In the months leading up to the birth of our first child, my partner and I were beginning to nest. She was busy procuring critical, practical items like clothing, bottles, and toys; I, on the other hand, was busy selfishly scheming a new personal project that would consume the little precious free-time that I had left before the due date. We were quickly checking items off of our list and arrived at a baby monitor.

After searching around I was not very enthused by the available options (more on that in the next section). I was also just starting to get comfortable with Raspberry Pi, GNU/Linux, and other facets of free and open-source software (FOSS). I smugly thought to myself, “Pshh, I can make a better baby monitor than any of this junk for a fraction of the price!”… Alas, dear reader, in hindsight, I do not think that I made out like a bandit with the world’s greatest baby monitor in one hand, and a wad of spare cash and time in the other; but, I am very happy with the end result and am glad that I refused to settle for any off the shelf solutions. Arriving at a final product was not all that expensive, but for a novice like myself, it was very time consuming. Most importantly, I learned a lot along the way; and come on, we all know that the real gift is not cold hard cash, it’s warm soft knowledge.

Anyways, in the rest of this article I will try to justify my ludicrous actions and provide a description for anyone who would like to build something similar. Feel free to skip over to the accompanying GitHub repo where you can find step-by-step instructions and configuration files to set things up.

My hope is that this article may provide others an outline to follow or, at the very least, something to point and laugh at.

“Why not just buy a baby monitor?”

You know what? fair question! In short, I’m hard-headed, cheap, a little paranoid, and have the heart of a hobbyist. If you aren’t interested in building something and the idea of banging your head against the wall for a few hours per day doesn’t sound appealing, then just buying one is the right answer. However, I think the final Baby SpiCroft is pretty kick-ass and there’s also a lot of room for improvement and additional features, so if building stuff is your thing and you have a baby on the way, I would highly recommend building your own baby monitor. The free and open-source tools are robust and plentiful, the hardware is relatively cheap, and the possibilities are endless.

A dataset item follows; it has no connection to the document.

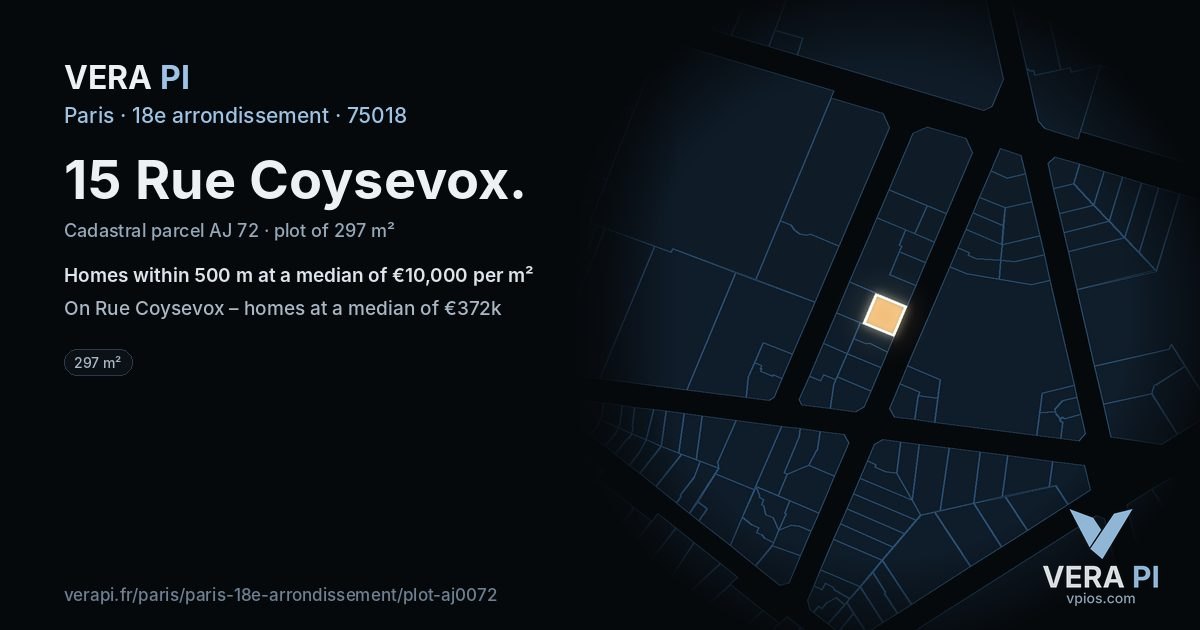 15 Rue Coysevox, 18e arrondissement at night – the plot lit, the parcels around coloured by the prices near them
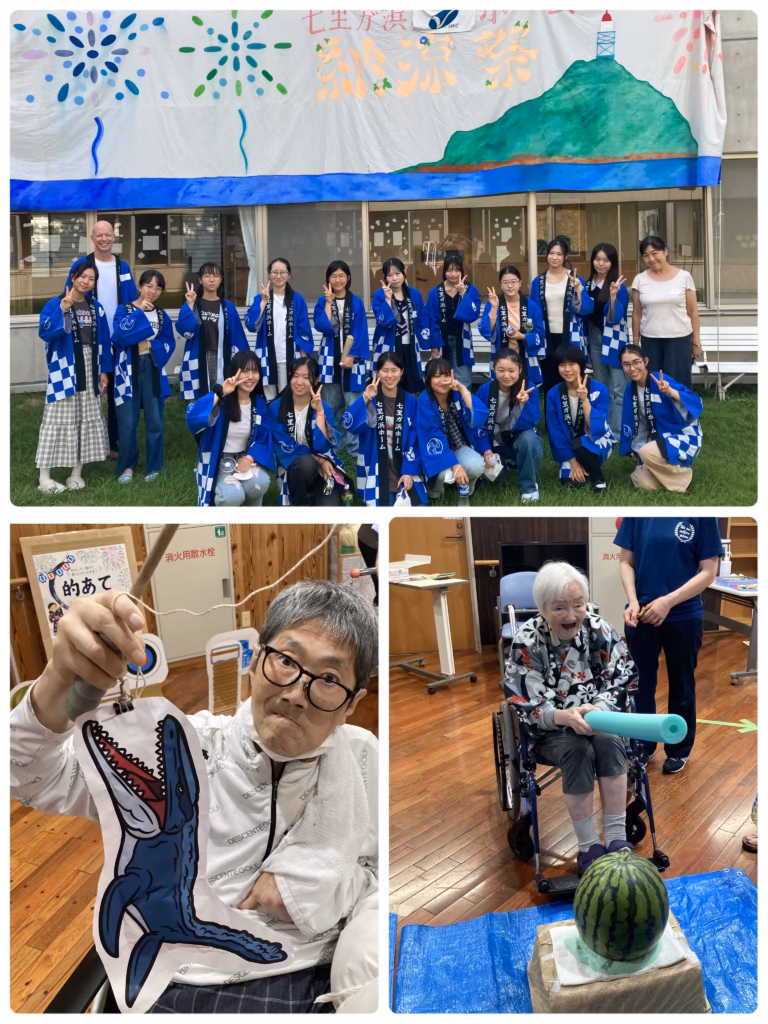 2026年の納涼祭を楽しむ入居者様と学生とスタッフ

Besides wanting to do it because “why not”, in my opinion, the value proposition for off-the-shelf baby monitors is not that enticing. Obviously, some baby monitors are better than others, but my dissatisfaction with each monitor can be attributed to some combination of the following shortcomings:

• A perceived lack of privacy and security: Many monitors are internet connected and require a proprietary app to view the video stream. One benefit of this is that you can usually use these anywhere, even when you are away from home. I’m not a fan of internet connected baby monitors because of the perceived security / privacy risks associated with my baby’s video and audio feed being routed through a third-party to get to me. Besides, proprietary IoT apps usually suck.
• Lack of convenience and versatility: Radio-based baby monitors avoid the previous downfall, but these require a dedicated receiver with a screen and battery that needs to be looked after, carried around the house, charged, etc.
• Single use electronics: I’m not talented enough to re-purpose off the shelf baby monitor components for other uses, so once these things are no longer needed, they become e-waste. And that’s if the components last long enough to be retired, in reality, these are cheap components that are liable to break for whatever reason.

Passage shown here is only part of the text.